**WHAT THIS TASK INVOLVES**
Could you please reproduce the entries exactly, leaving out any pictures?

**RAW DATA**
════
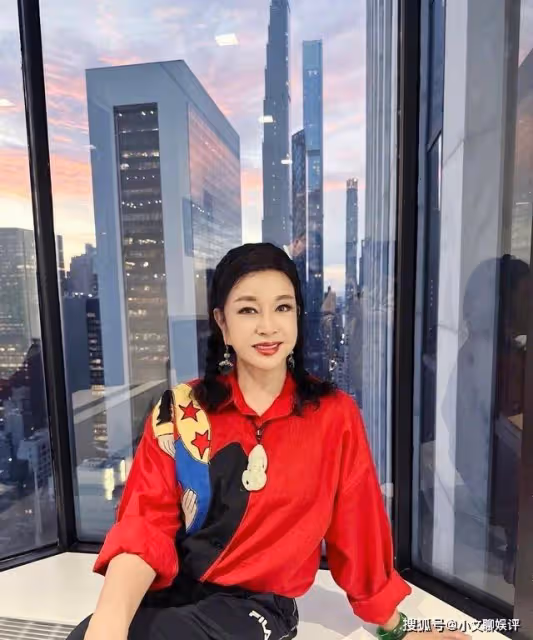 73歲劉曉慶扎麻花辮拍照，自稱仍是少年，網友：奶奶麻煩你清醒點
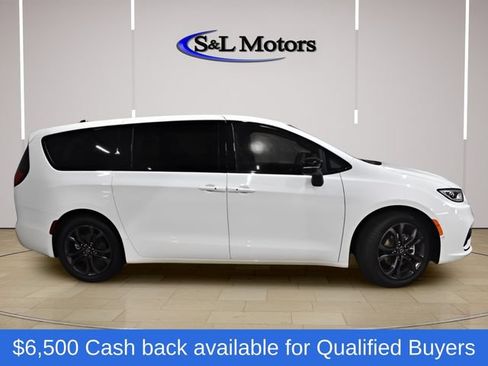 New 2026 Chrysler Pacifica Select FWD image 10
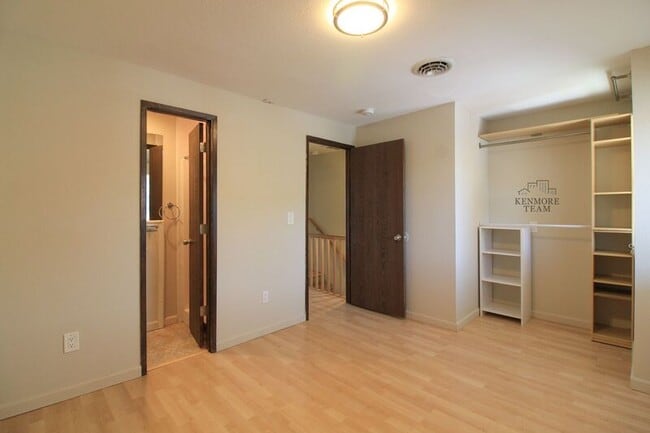Building Photo - 1636 Cherry Ln
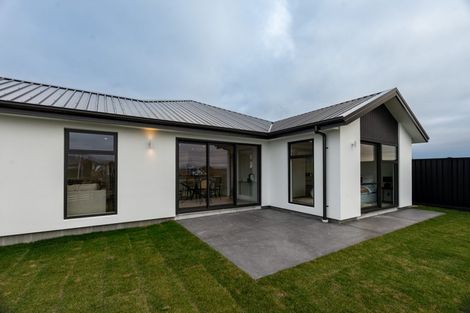 Photo of property in 35 Mcgarry Drive, Kaiapoi, 7630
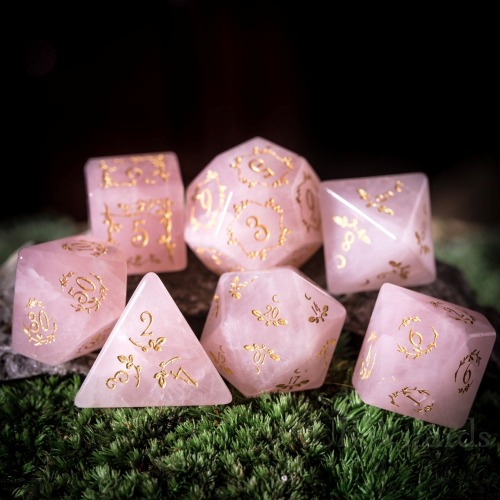 bixbiboom: thepastelpriestess: dnd-apothecary: sosuperawesome: Plant Vine Patterned Dice Sets UR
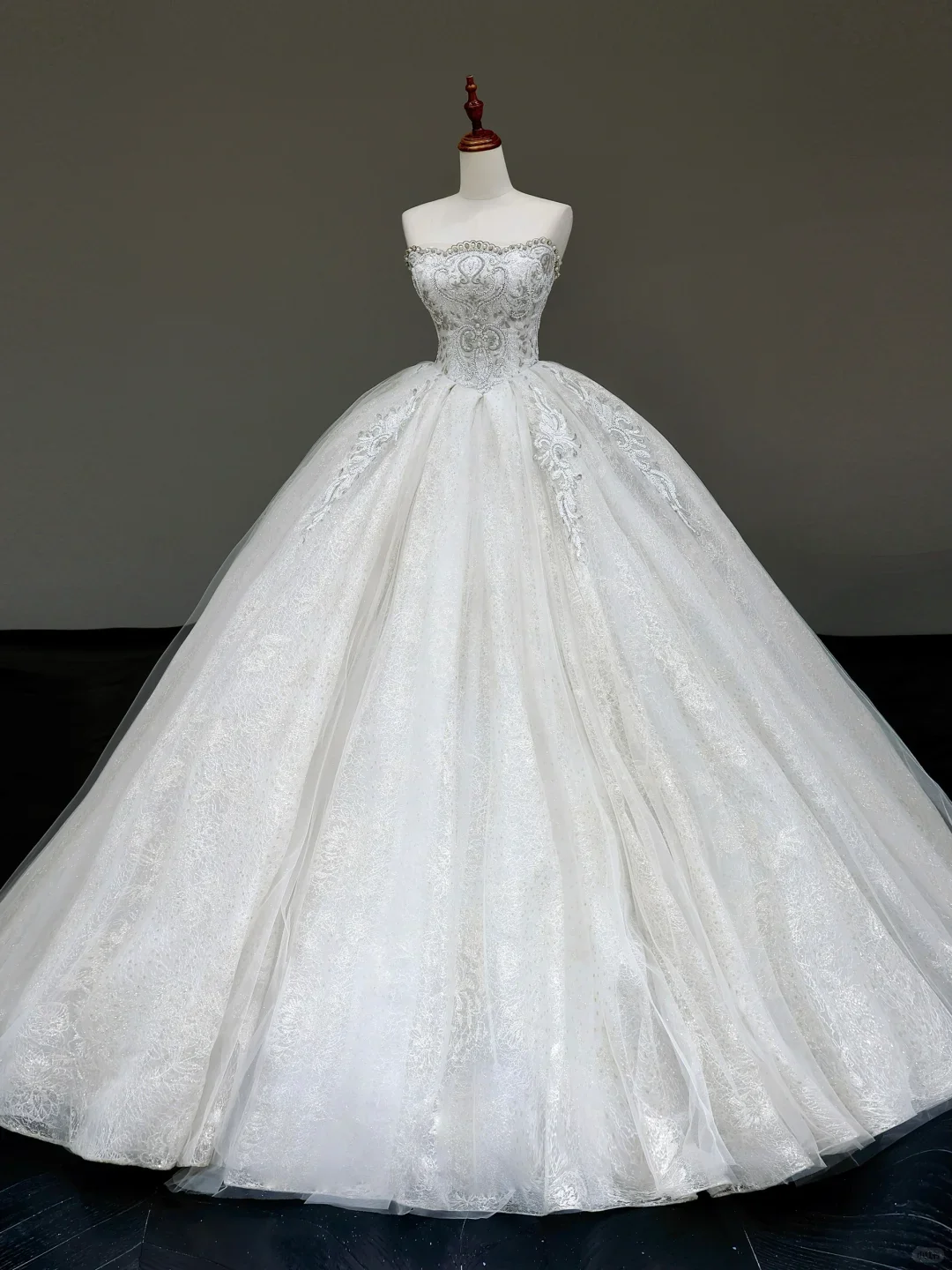 Princess Bridal Gown Ball Gown Strapless Sequin White Beads Wedding Dresses Bridal Gowns DP825 - Deanwangkt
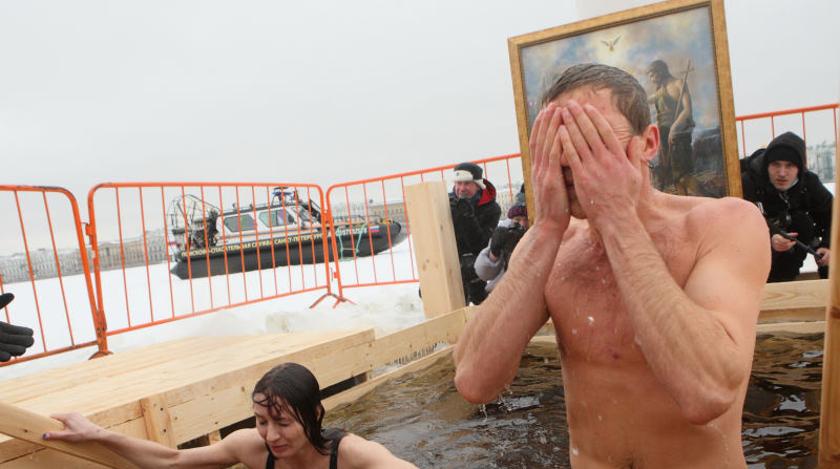 Все заканчивается пневмонией: медик предостерег россиян от купаний на Крещение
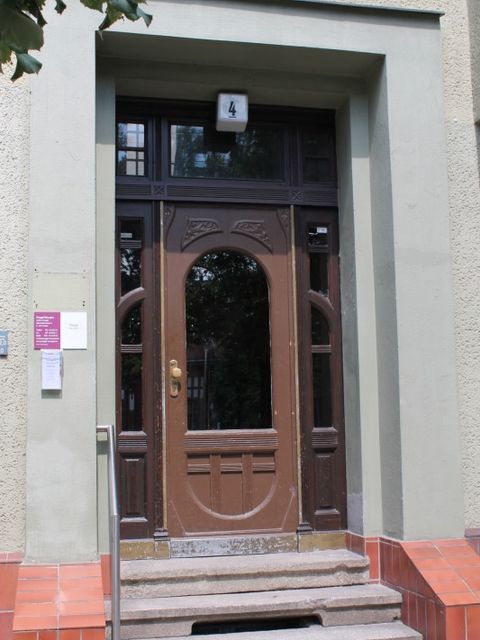 Hausansicht Hohenzollerndamm 4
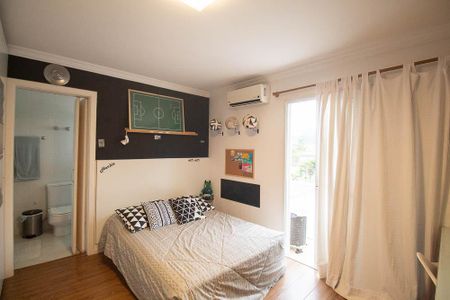 Casa de condomínio à venda com 280m², 3 quartos e 3 vagasSuíte 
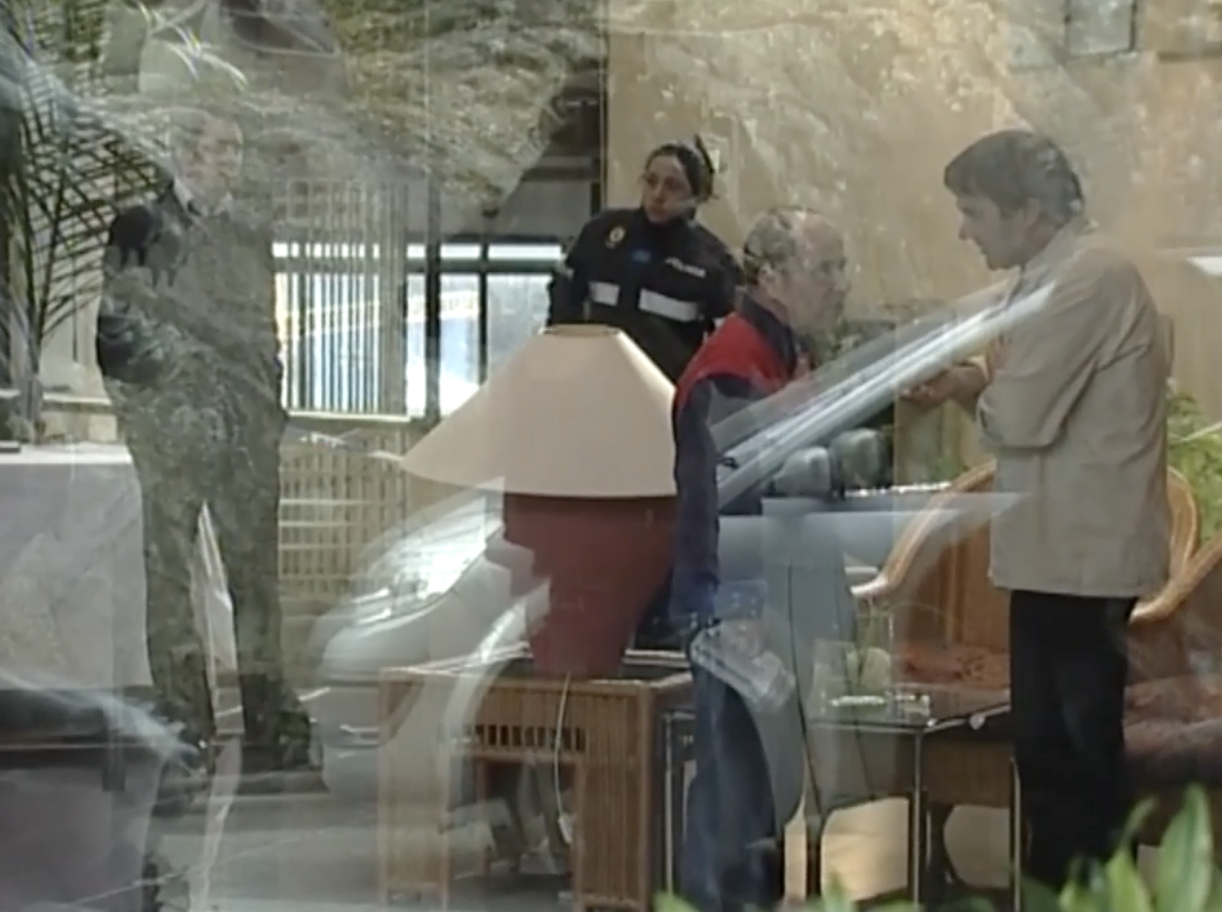 Una imatge de l'interior de l'hotel poca estona després del crim vista des de l'exterior.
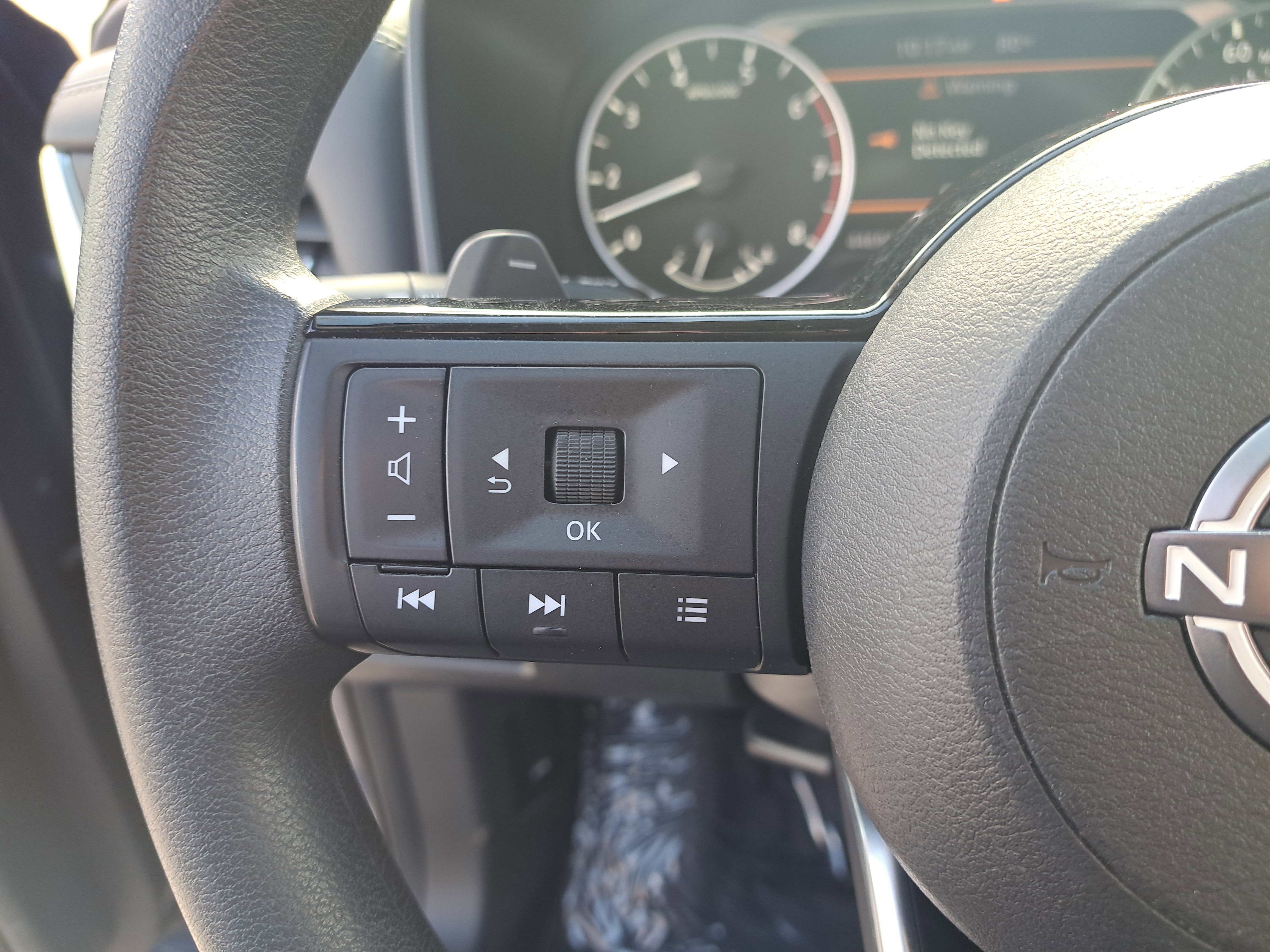 Certified 2023 Nissan Rogue SV image 21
════
**REPLY TO THE EXERCISE**
 73歲劉曉慶扎麻花辮拍照，自稱仍是少年，網友：奶奶麻煩你清醒點
 New 2026 Chrysler Pacifica Select FWD image 10
Building Photo - 1636 Cherry Ln
 Photo of property in 35 Mcgarry Drive, Kaiapoi, 7630
 bixbiboom: thepastelpriestess: dnd-apothecary: sosuperawesome: Plant Vine Patterned Dice Sets UR
 Princess Bridal Gown Ball Gown Strapless Sequin White Beads Wedding Dresses Bridal Gowns DP825 - Deanwangkt
 Все заканчивается пневмонией: медик предостерег россиян от купаний на Крещение
 Hausansicht Hohenzollerndamm 4
 Casa de condomínio à venda com 280m², 3 quartos e 3 vagasSuíte 
 Una imatge de l'interior de l'hotel poca estona després del crim vista des de l'exterior.
 Certified 2023 Nissan Rogue SV image 21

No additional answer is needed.